Par Mathilde Giard
Alors que le festival de Cannes déroule son tapis rouge du 11 au 22 mai sur la côte d’Azur, gros plan sur le cinéma latino-américain, présent dans la sélection officielle. Le septième art poursuit son essor entamé depuis près d’une quinzaine d’années au pied des Andes, de l’autre côté de l’Atlantique. Demandez le programme…

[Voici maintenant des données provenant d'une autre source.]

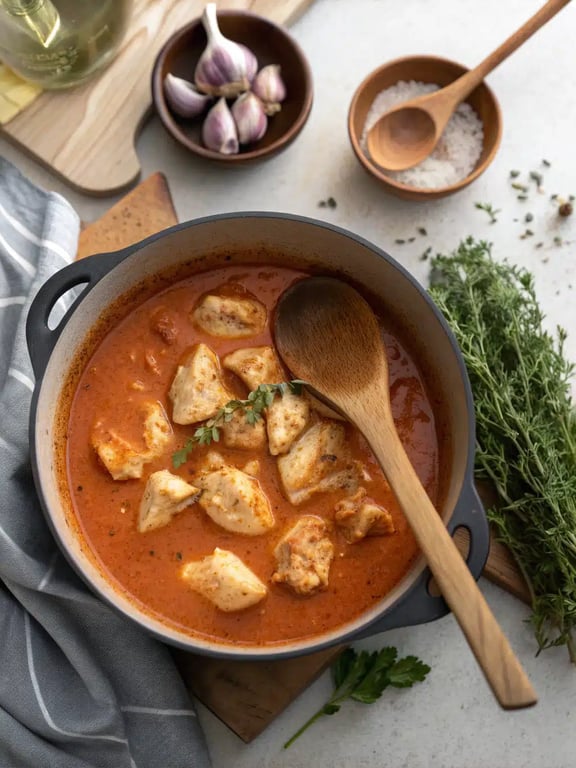 Final step for chicken tikka masala — plated and ready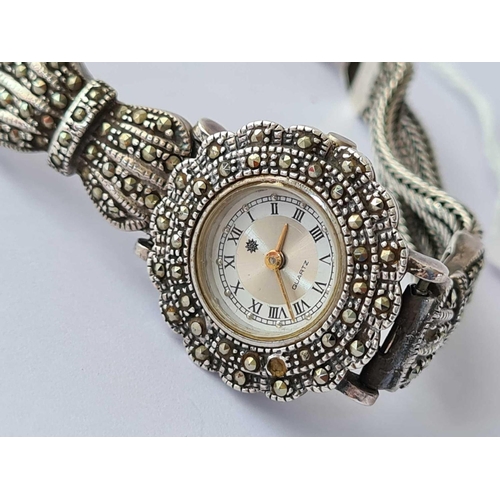 142 - Silver and marcasite set fancy ladies wrist watch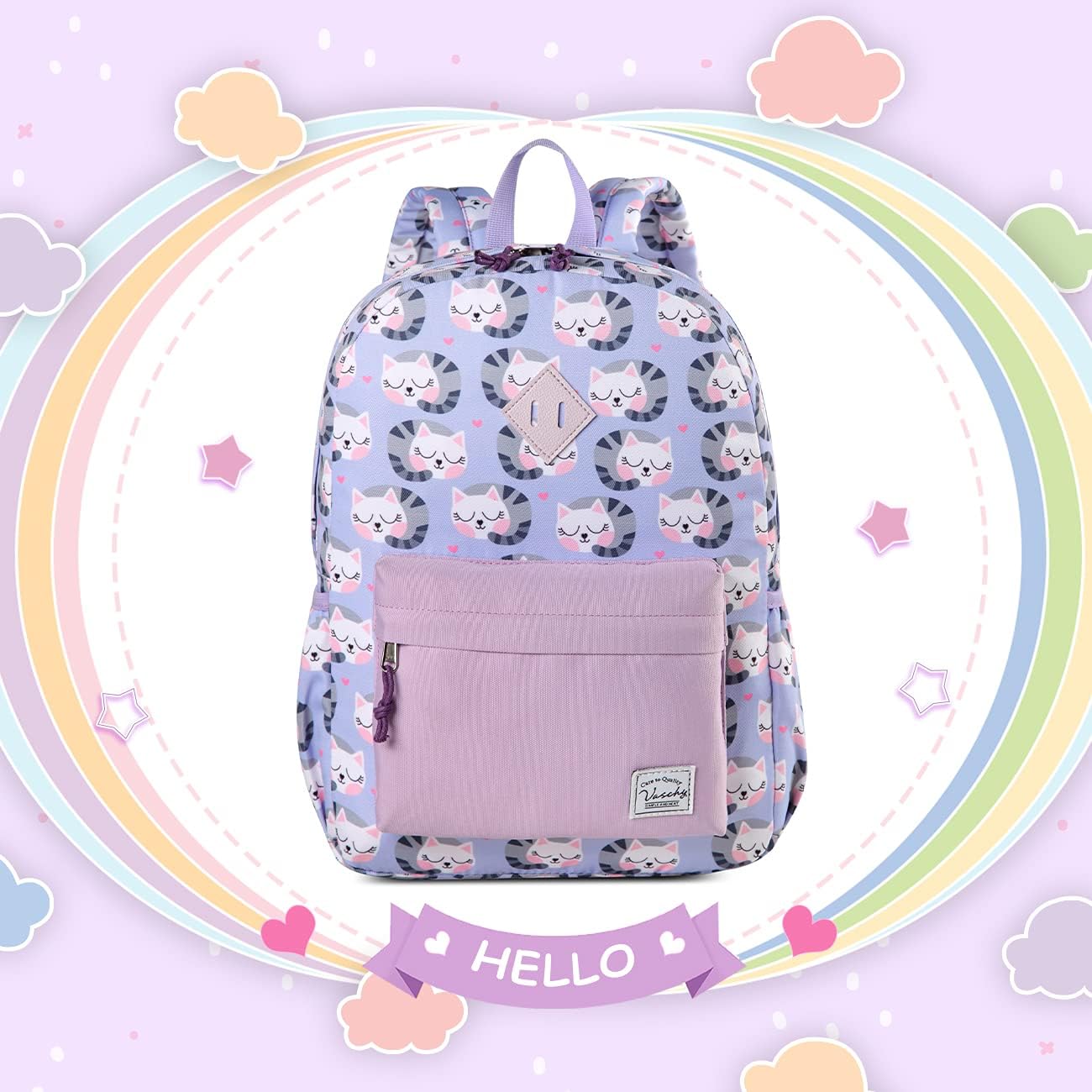 VASCHY Kids Backpack for Girls, Cute Cats Lightweight Backpack for Toddlers Daycare Preschool Little Girls Lavander - Image 7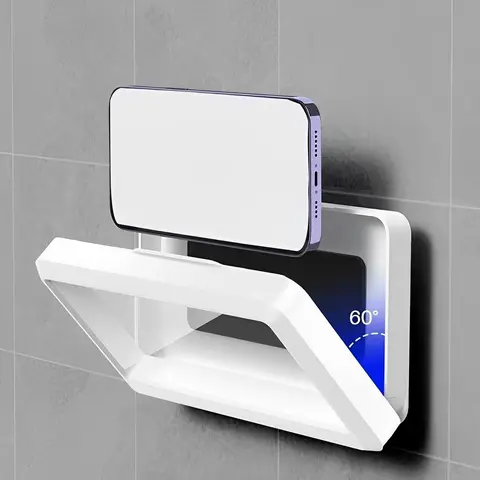 RYNOX 1 Pcs Waterproof Plastic 360° Rotatable Wall Mount Phone Holder - Protective, Anti-Fog, High Sensitivity, Universal Cover Mount Stand for Smartphones/Handheld Devices, Bathroom Shower Accessory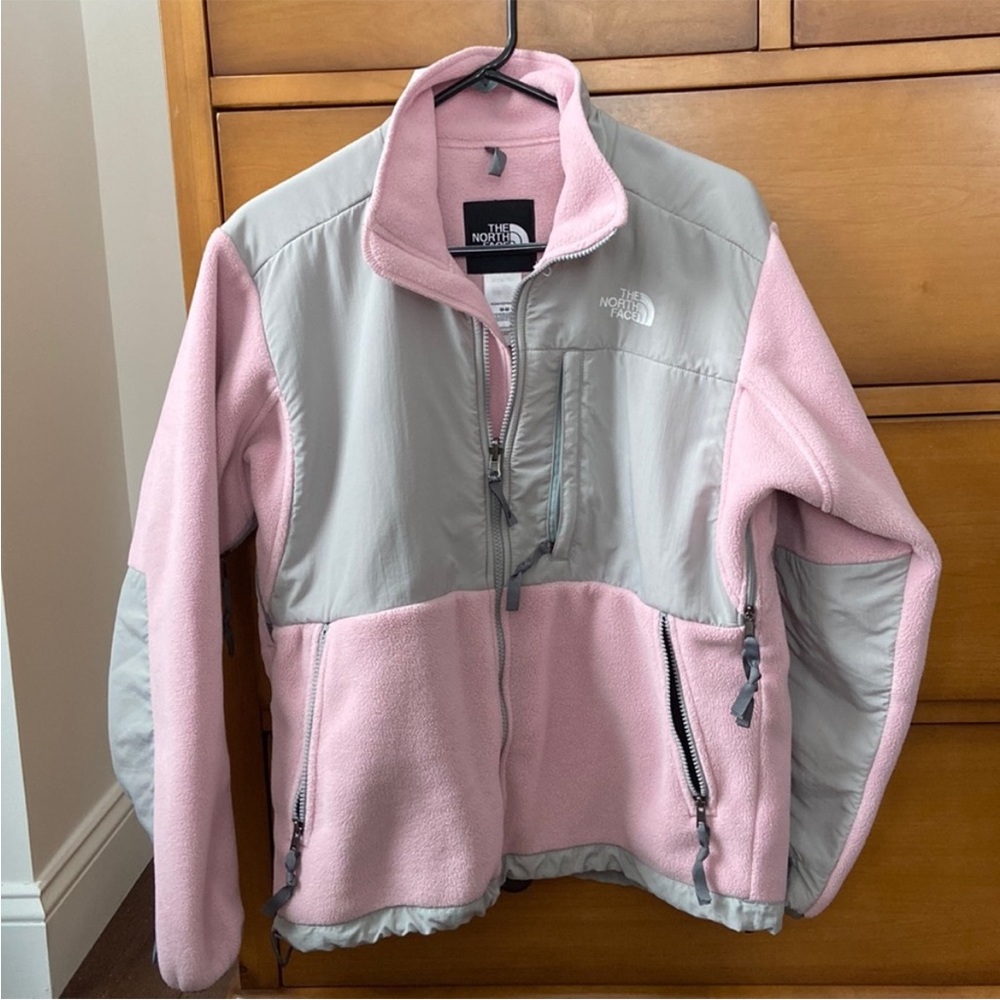 The North Face Pink and Gray Denali-Style Fleece Jacket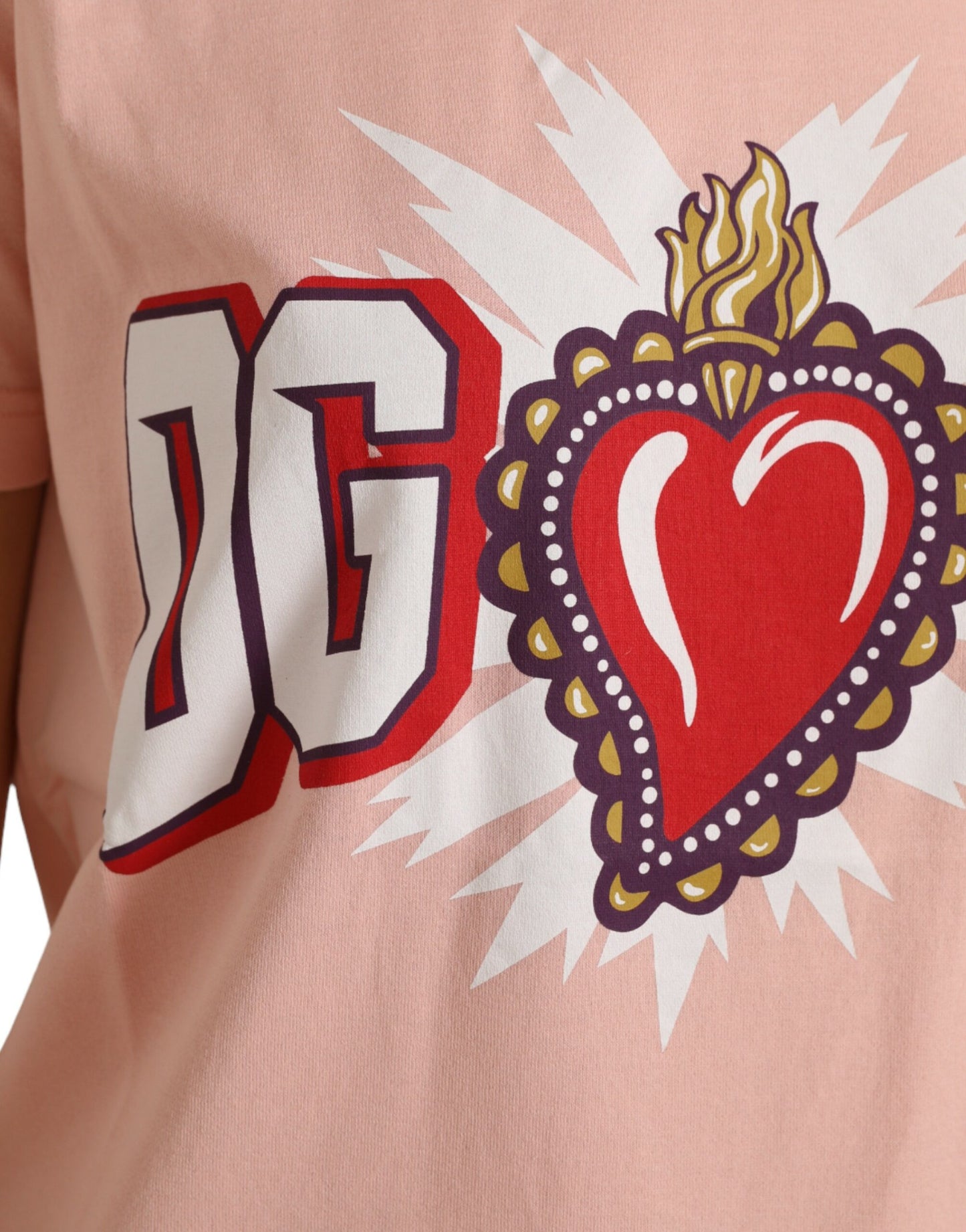 Dolce & Gabbana Pink Sacred Heart Cotton Crew Neck T-shirt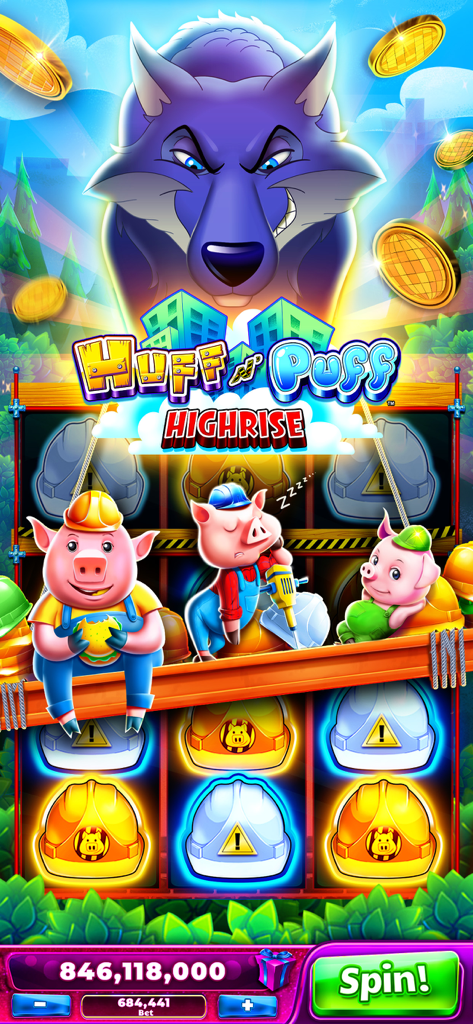 Juego de tragamonedas Jackpot Party Casino Huff n' Puff Highrise con tres cerditos y un lobo feroz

Sous les sunlights cannois
Un film brésilien figure dans la sélection officielle du festival de Cannes, dont le clap de départ sera donné le 11 mai prochain sous les sunlights : Aquarius. En lice avec Woody Allen, Pedro Almodovar et Sean Penn, Kleber Mendonça Filho présente son deuxième long-métrage après, en 2012, Les Bruits de Recife – sa ville natale -, alors classé parmi les meilleures productions de l’année par le New York Times. Le cinéaste dresse le portrait de Clara, critique musicale à la retraite, issue de la bourgeoisie, qui habite dans une résidence nommée… Aquarius, au bord de l’océan. L’immeuble suscite la convoitise d’un promoteur immobilier. La sexagénaire refuse de déménager et se retrouve au cœur d’un thriller social, dans un quartier middle class pris dans un engrenage sécuritaire. Elle est interprétée par Sônia Braga, surnommée dans les années 1980 la « Marilyn Monroe de l’Amérique du Sud ». L’actrice donne la réplique à Humberto Carrao, Irandhir Santos et Maeve Jinking.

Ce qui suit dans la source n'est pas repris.